After the shock of his prediction subsided, Jan began to prepare.
She set up her home with her bed in their living room at the center of the family action.
At the time, she had a college girl, a couple of high schoolers and an 8 year old son. I remember her saying “I doubt that I’ll be around that long but I’d sure like to get Danny (the 8 year old) through high school so I’m going to prepare as if I can”.
And for the next eleven years, she not only mothered her baby boy brilliantly but she also continued to pursue many of her other loves, including selling real estate through a partner, putting on family dinners, parties, weekly meetings and church services at her house.
Most inspirationally, she counseled and uplifted people like me who came to visit and take care of poor Jan. Alice and I often remarked when we left Jan’s that we felt stronger and more optimistic about life. She had that kind of effect on people.
And ultimately, she witnessed each of her kids graduate from college. And she saw her youngest son, Danny, graduate from Cleveland St. Ignatius High School in 1995.
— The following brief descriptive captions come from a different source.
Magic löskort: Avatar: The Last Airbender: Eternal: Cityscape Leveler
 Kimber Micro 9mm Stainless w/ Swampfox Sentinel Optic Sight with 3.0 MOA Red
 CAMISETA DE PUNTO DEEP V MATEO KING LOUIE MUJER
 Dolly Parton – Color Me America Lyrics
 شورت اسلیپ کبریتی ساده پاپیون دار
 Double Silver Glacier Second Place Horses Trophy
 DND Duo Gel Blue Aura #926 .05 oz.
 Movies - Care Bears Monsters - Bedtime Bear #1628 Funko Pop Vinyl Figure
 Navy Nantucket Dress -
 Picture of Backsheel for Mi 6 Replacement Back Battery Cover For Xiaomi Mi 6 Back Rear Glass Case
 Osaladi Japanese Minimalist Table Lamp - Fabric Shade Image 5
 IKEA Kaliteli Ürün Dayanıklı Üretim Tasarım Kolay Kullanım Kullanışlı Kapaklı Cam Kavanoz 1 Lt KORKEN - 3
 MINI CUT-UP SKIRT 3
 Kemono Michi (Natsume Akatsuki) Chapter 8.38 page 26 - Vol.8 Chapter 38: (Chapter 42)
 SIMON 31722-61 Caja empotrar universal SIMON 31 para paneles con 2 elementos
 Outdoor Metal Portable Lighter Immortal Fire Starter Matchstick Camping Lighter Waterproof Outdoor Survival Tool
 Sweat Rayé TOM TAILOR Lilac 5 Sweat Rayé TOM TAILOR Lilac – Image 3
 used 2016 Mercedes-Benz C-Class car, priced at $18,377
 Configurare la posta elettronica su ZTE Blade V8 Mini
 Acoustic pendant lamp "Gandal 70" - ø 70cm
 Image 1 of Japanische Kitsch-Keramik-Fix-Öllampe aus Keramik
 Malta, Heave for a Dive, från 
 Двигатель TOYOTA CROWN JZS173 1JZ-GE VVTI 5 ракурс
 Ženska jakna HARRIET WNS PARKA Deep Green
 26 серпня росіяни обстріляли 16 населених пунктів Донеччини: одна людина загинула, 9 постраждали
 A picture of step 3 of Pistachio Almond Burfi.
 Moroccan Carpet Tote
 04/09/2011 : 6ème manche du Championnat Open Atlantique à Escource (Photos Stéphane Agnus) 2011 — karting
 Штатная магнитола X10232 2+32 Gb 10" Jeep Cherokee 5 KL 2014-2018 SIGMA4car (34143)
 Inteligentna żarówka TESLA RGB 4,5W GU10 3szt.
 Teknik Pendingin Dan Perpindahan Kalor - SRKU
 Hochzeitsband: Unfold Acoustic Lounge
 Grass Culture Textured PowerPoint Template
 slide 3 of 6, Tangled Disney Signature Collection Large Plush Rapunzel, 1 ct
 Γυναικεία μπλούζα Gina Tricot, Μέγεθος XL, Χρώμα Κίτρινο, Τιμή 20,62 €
She left this world from an empty nest, as she had prayed and hoped and prepared for doing.
And 25 years later she remains the penultimate model for me of why I should prepare rather than predict. Anyone can predict and yet few prepare for the worst while hoping for the best.
When we gathered for Jan’s homecoming in late May, 1996, I don’t remember a single person talking about Jan’s death.
We only spoke of her living……and preparing…..for the worst, and for the best.